I have tried that strategy before, and I found it disastrously bad. First, breaking large tasks into small ones, and tweaking the breakdown, is a task itself, which can be used to procrastinate from things that actually need doing. And second, it makes todo lists appear very large, which gave me decision paralysis when it came time to pick something from the list.
I think the standard GTD advice is that you’re supposed to be breaking the important tasks down into a lot of little trivial tasks.
jimrandomh:
I have tried that strategy before, and I found it disastrously bad. First, breaking large tasks into small ones, and tweaking the breakdown, is a task itself, which can be used to procrastinate from things that actually need doing. And second, it makes todo lists appear very large, which gave me decision paralysis when it came time to pick something from the list.
Here’s a terrific example of how people end up saying they tried things that didn’t work, when they aren’t actually talking about the same thing that’s being suggested.
In this particular case, the way in which tasks are broken down is important. GTD does not say to break a task down into its component parts and add them all to your lists. In fact, ISTR it advising against this, for the very reasons jimrandomh describes.
What GTD advises you is to look at a large task on your “projects” list, and simply write down the NEXT trivial task that needs to be done on it. The breakdown is parallel/incremental, occurring each time you review your projects list or finish a task related to the project, and think of something else to do.
Human beings are rather bad at discussing cognitive algorithms in general—we tend to dramatically simplify our descriptions in ways that make algorithms with significant differences in steps and impact sound “the same”.
And I’m quoting both gwern and jimrandomh here because it’s not that either of them made a mistake, per se: gwern described the GTD strategy in a way that is incomplete but not false, and neither did jimrandomh make a false statement about GTD; he made a true statement about something that is not GTD.
However, a third party reading this exchange could easily come to the conclusion that they had just read a report of GTD sucking—and choose not to investigate or evaluate GTD!
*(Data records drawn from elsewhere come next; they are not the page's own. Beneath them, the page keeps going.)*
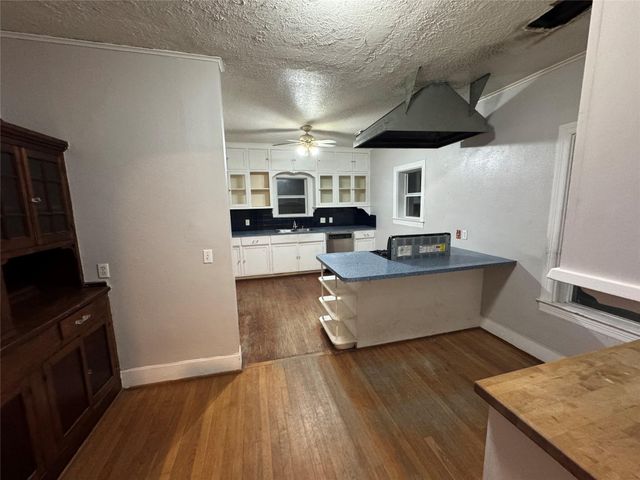 218 Everton Street, Houston, TX 77003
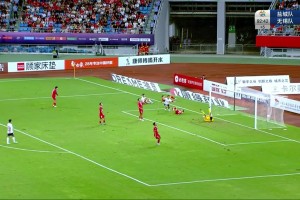 无锡队进球！球员复刻苏亚雷斯脚后跟进球名场面！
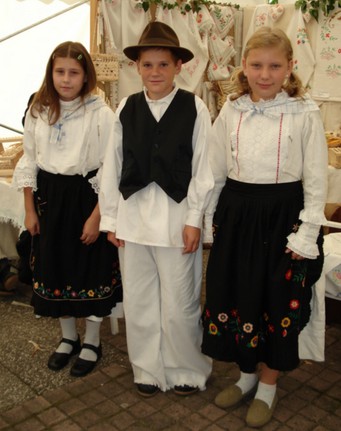 Marina Cingesar, Zeljko Sever and Ivana Komes, Visnjica, north of Zagreb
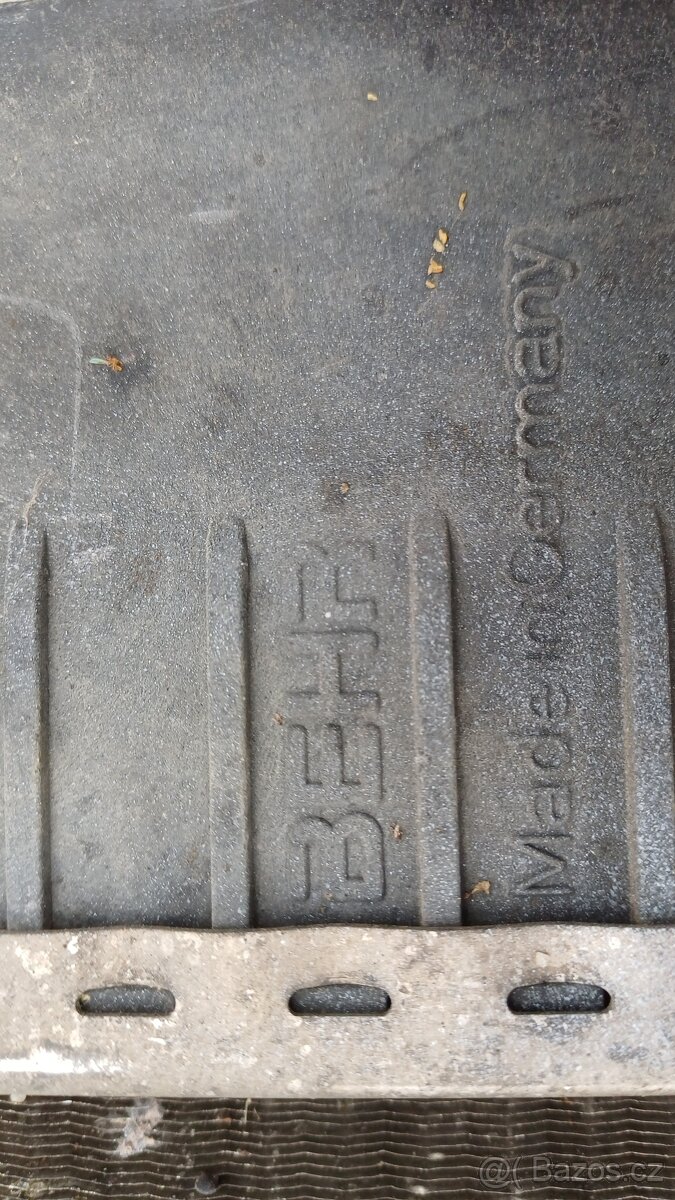 chladič vyndaný z BMW e38 318is téměř nový - 2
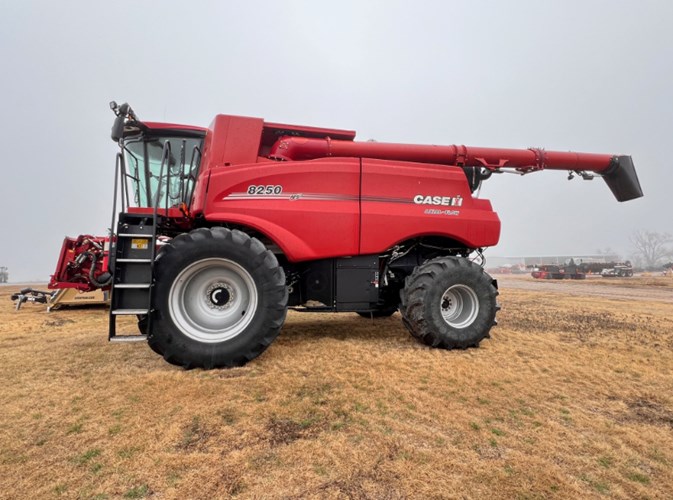 2019 Case IH 8250 Combine For Sale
This happens with the discussion of almost any method of thinking or organizing: simplified not-false descriptions of technique X are then linked to procedure Y which fits the same description but doesn’t work as well, leading to an eventual widespread conclusion among non-insiders of X that X “doesn’t work”.
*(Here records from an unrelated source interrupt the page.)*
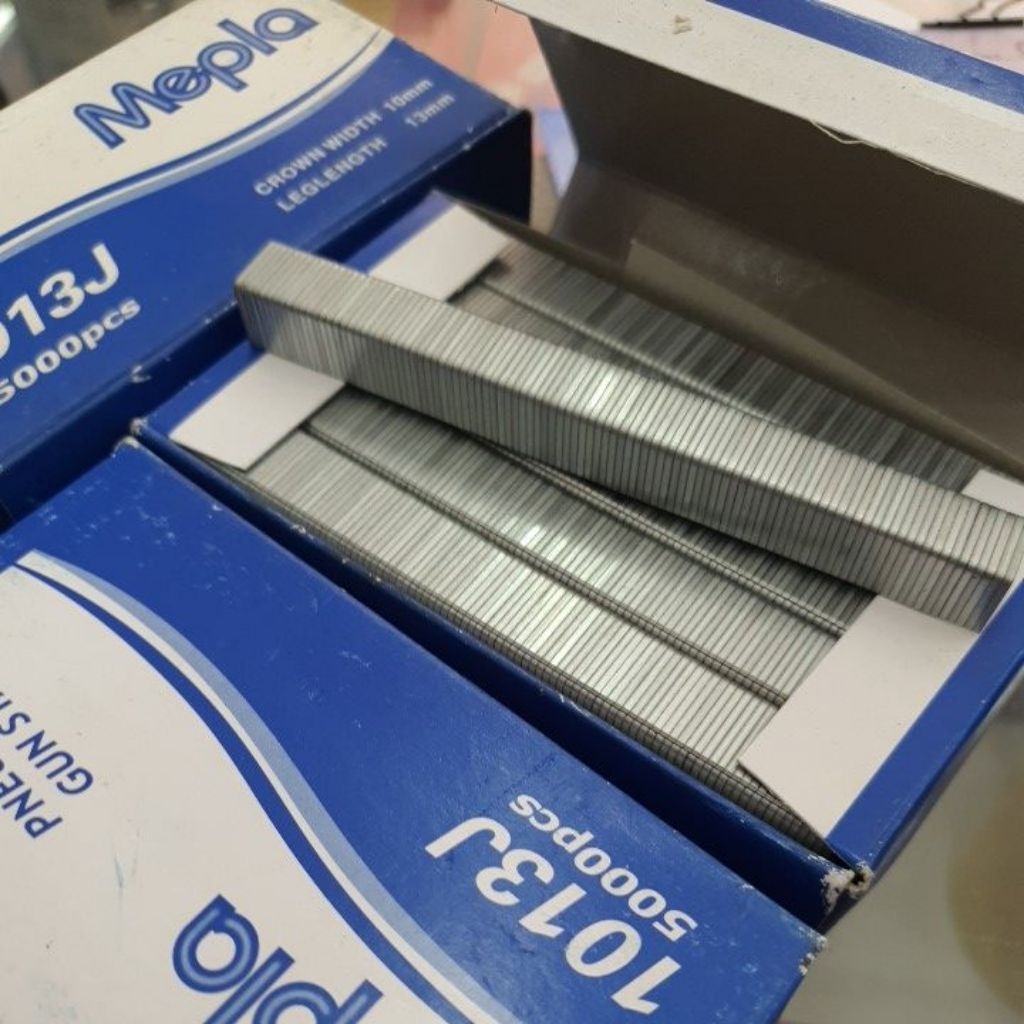 

isi staples model U 1013J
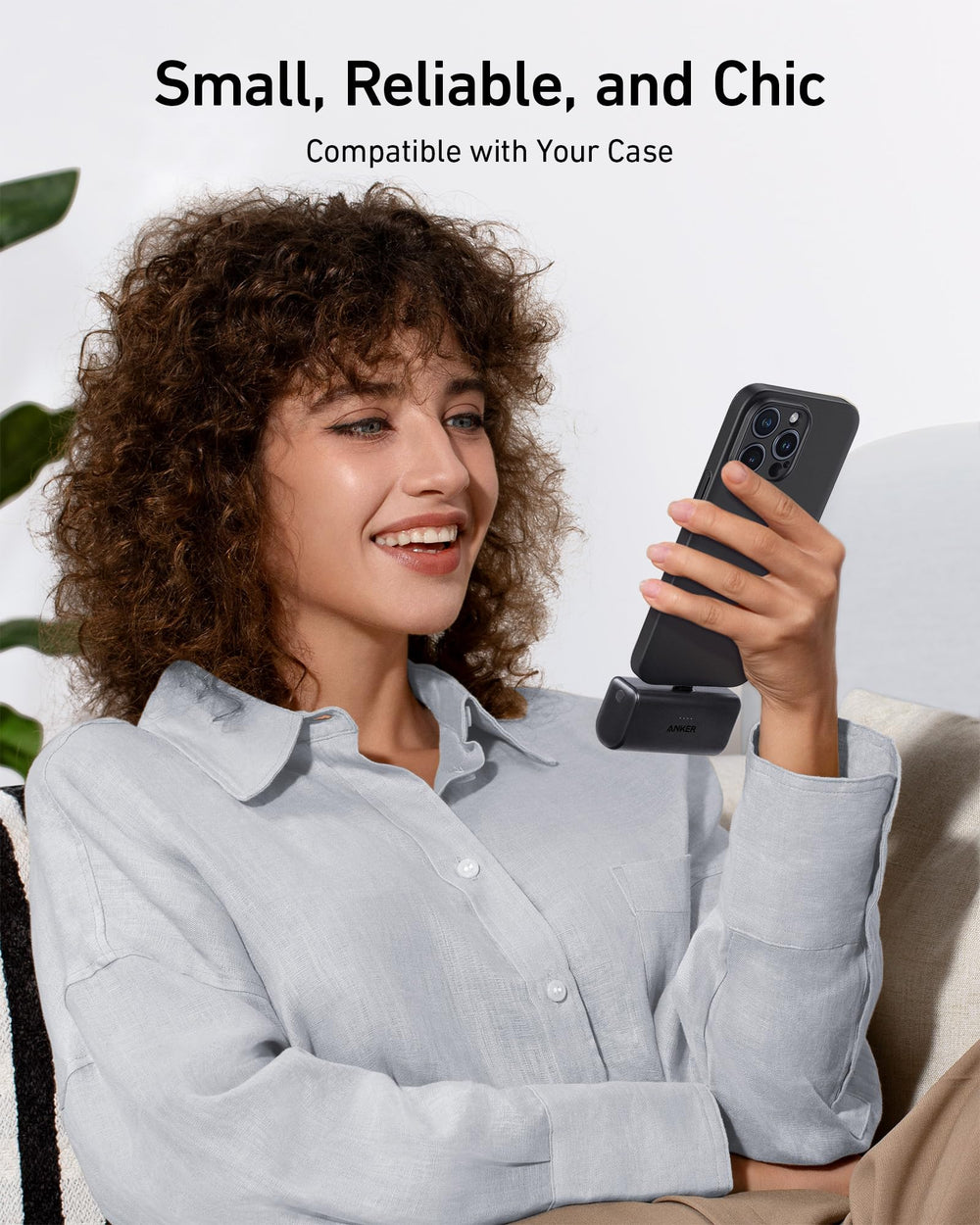 Anker comparación de tamaño en mano para apreciar su portabilidad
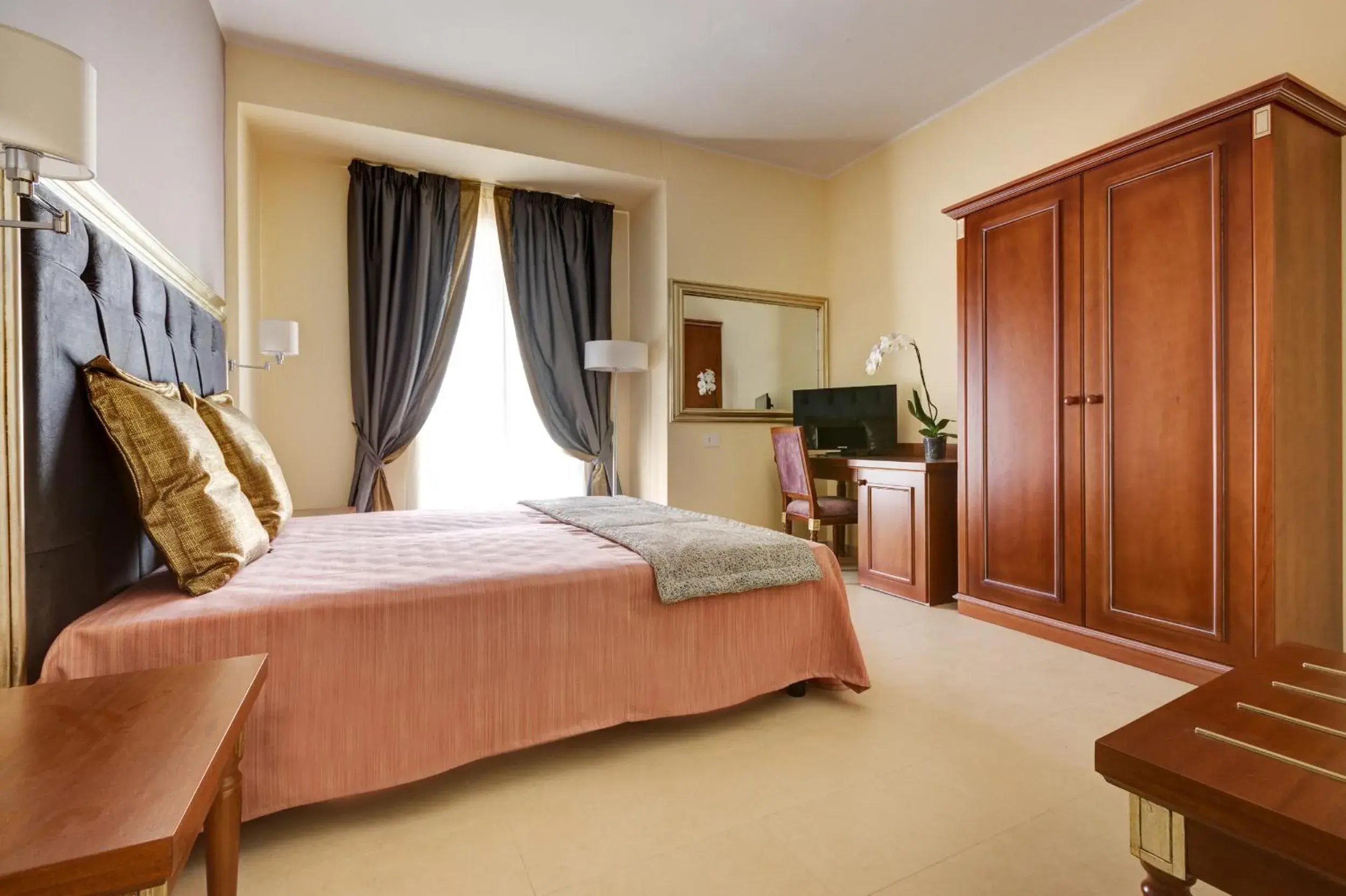 Photo of the whole room, Bed in Hotel Parco delle Fontane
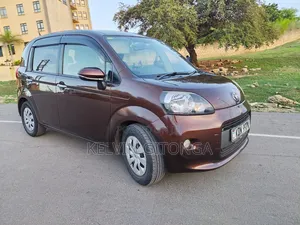 Toyota Porte 2016 Beige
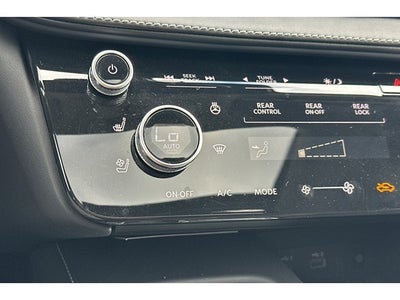 2023 INFINITI QX60 LUXE FWD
When teaching cognitive algorithms, it is important to be precise, since parallel, serial, incremental, etc. algorithms have very different performance characteristics, memory and “hardware” requirements, etc., even when they’re run on the human platform.
(Edit to add: Note that this is not a fully general argument for dismissing criticisms of X; it is an argument for making damn sure you reduce X and Y to concretely-defined steps that include all of X’s claimed distinctions, before you apply criticism of Y to criticism of X. And the more “popular” X is, the more important it is to do this, because the more popular it is, the more likely you are to have heard only a watered-down version of it.)
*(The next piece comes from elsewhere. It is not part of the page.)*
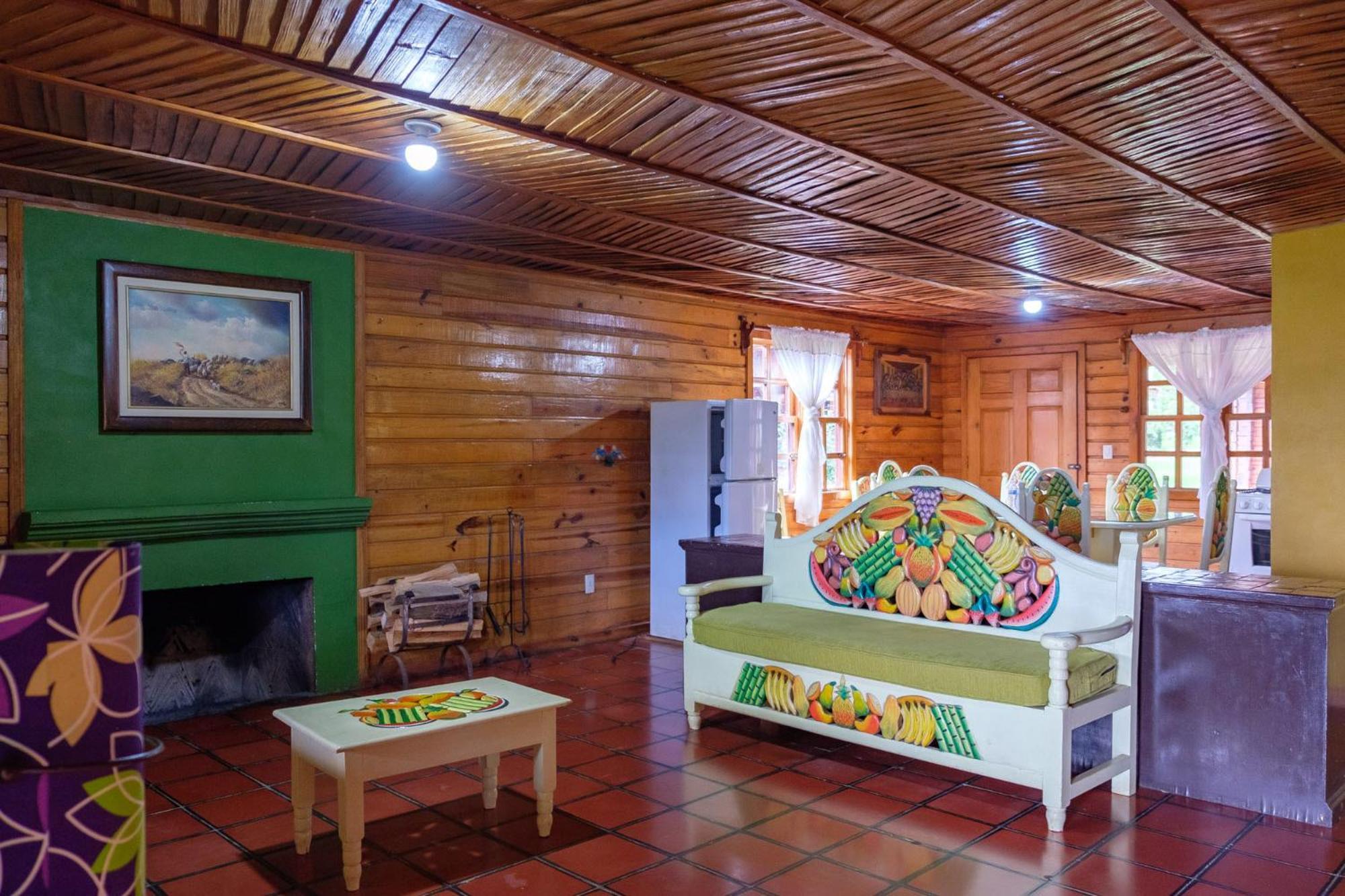 Zirahuen Forest And Resort Экстерьер фото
What a nice comment! The next time I feel tempted to describe how GTD solves some problem or other, I’ll wait until the urge passes and message you instead; clearly my one read through Getting Things Done has taught me just enough to be dangerous.
What a nice comment! The next time I feel tempted to describe how GTD solves some problem or other, I’ll wait until the urge passes and message you instead; clearly my one read through Getting Things Done has taught me just enough to be dangerous.
Er, I’m not able to tell if you’re being serious or sarcastic here. But do note that I was just pointing out a systemic problem with talking about cognitive algorithms, not criticizing you OR jimrandomh for attempting to do so. In particular, I didn’t say your statement was false or incorrect, just that it was imprecise enough for somebody else to project a different meaning onto it.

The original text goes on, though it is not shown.